## EXERCISE REQUIREMENTS
Exactly as they appear, retype the lines from the one containing "Сине-белые летние цветные" through the final line of the data below. Leave pictures out.

---------- STORED DATA

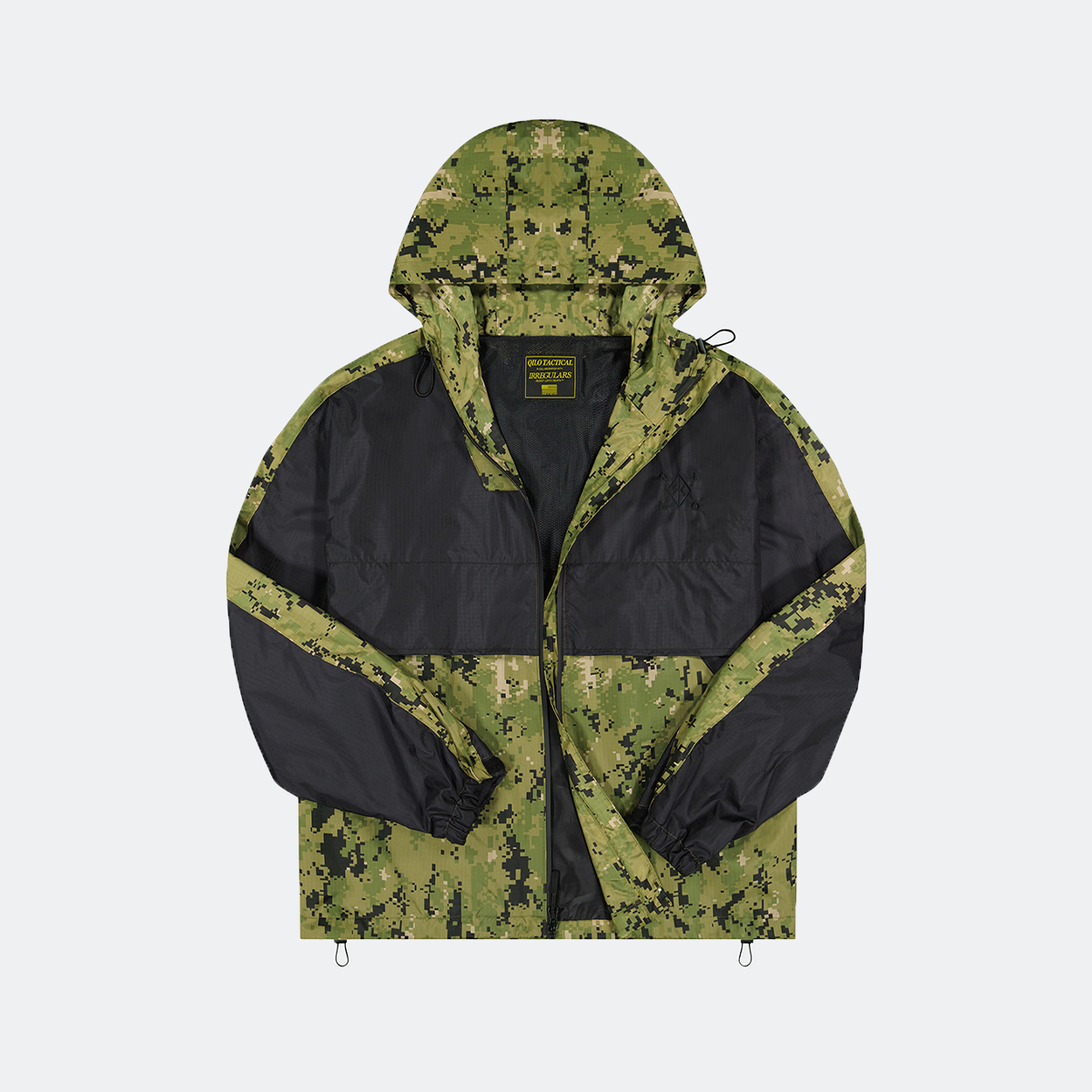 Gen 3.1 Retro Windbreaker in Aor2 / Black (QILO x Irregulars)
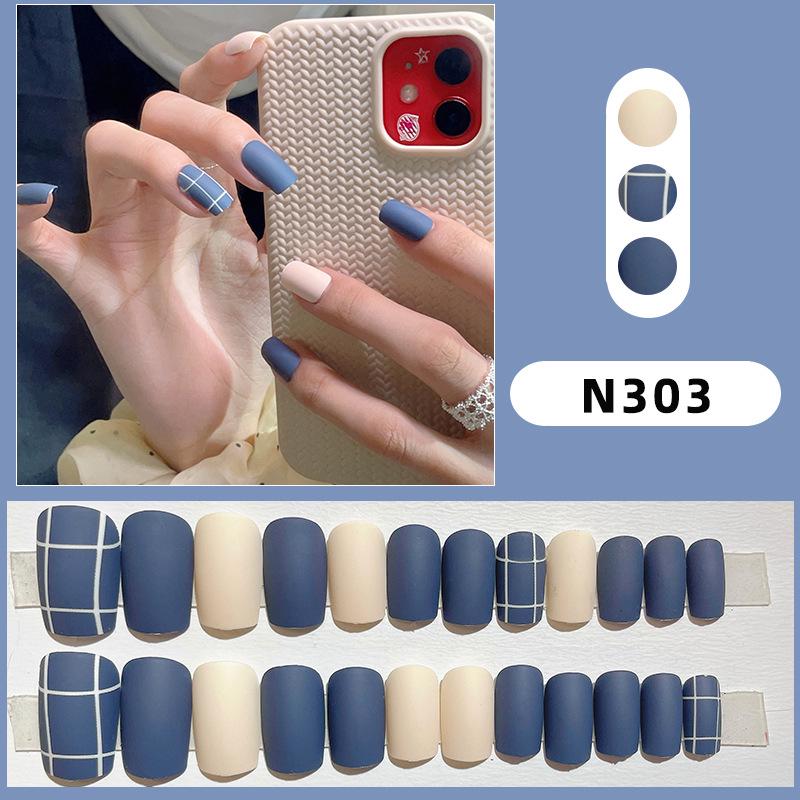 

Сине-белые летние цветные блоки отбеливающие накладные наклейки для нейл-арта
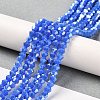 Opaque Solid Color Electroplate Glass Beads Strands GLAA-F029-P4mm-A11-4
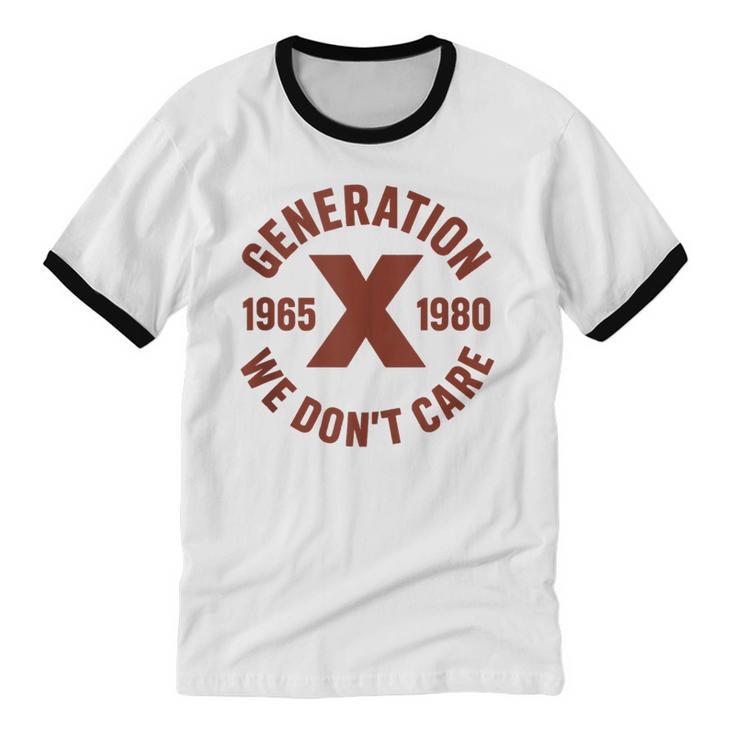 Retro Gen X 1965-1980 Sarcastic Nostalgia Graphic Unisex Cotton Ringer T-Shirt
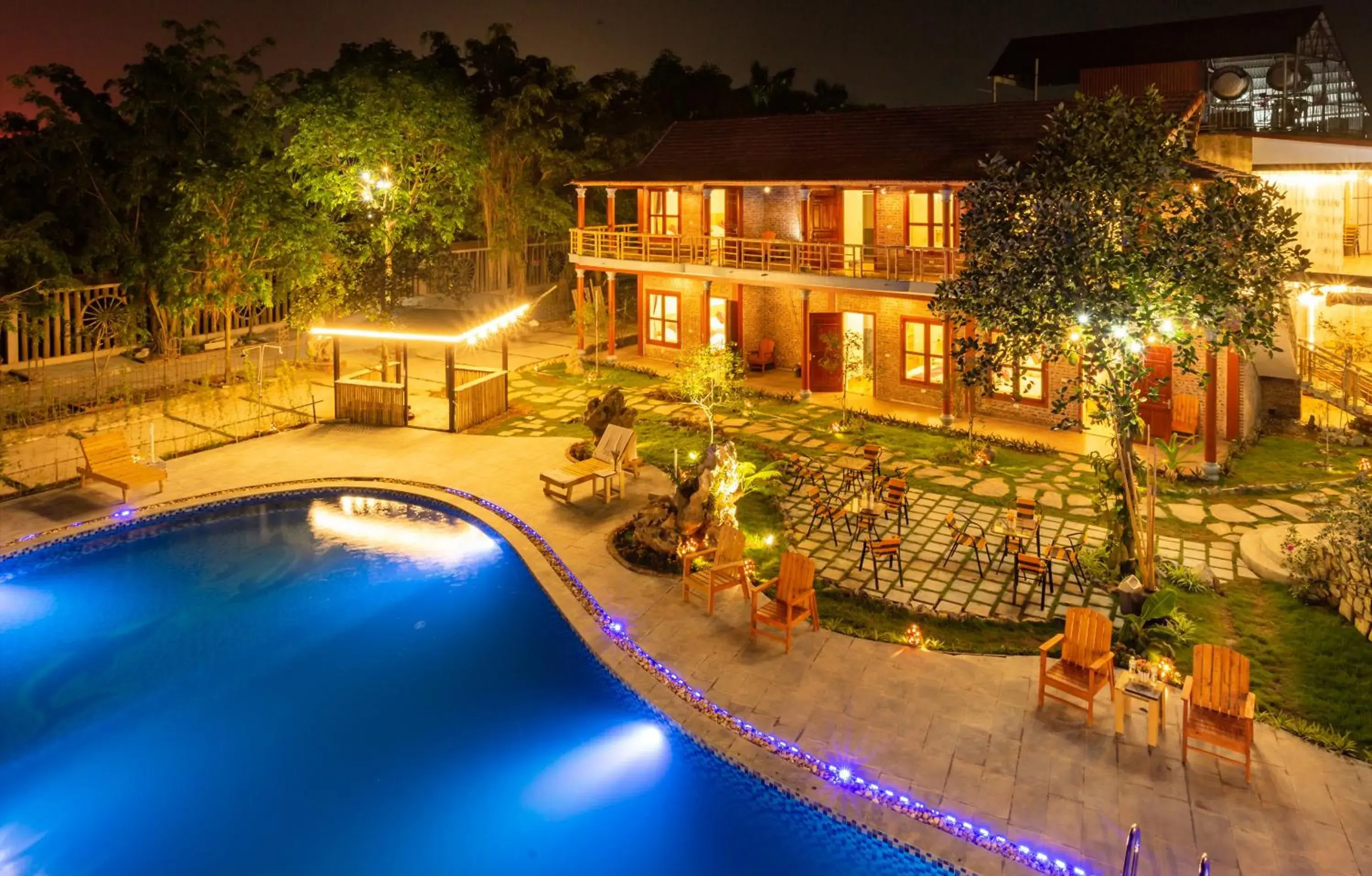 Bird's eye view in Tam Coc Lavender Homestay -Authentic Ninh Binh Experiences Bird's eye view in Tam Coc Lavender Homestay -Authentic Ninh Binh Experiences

--------------------

## SOLUTION FOR THIS TASK
Сине-белые летние цветные блоки отбеливающие накладные наклейки для нейл-арта
 Opaque Solid Color Electroplate Glass Beads Strands GLAA-F029-P4mm-A11-4
 Retro Gen X 1965-1980 Sarcastic Nostalgia Graphic Unisex Cotton Ringer T-Shirt
 Bird's eye view in Tam Coc Lavender Homestay -Authentic Ninh Binh Experiences Bird's eye view in Tam Coc Lavender Homestay -Authentic Ninh Binh Experiences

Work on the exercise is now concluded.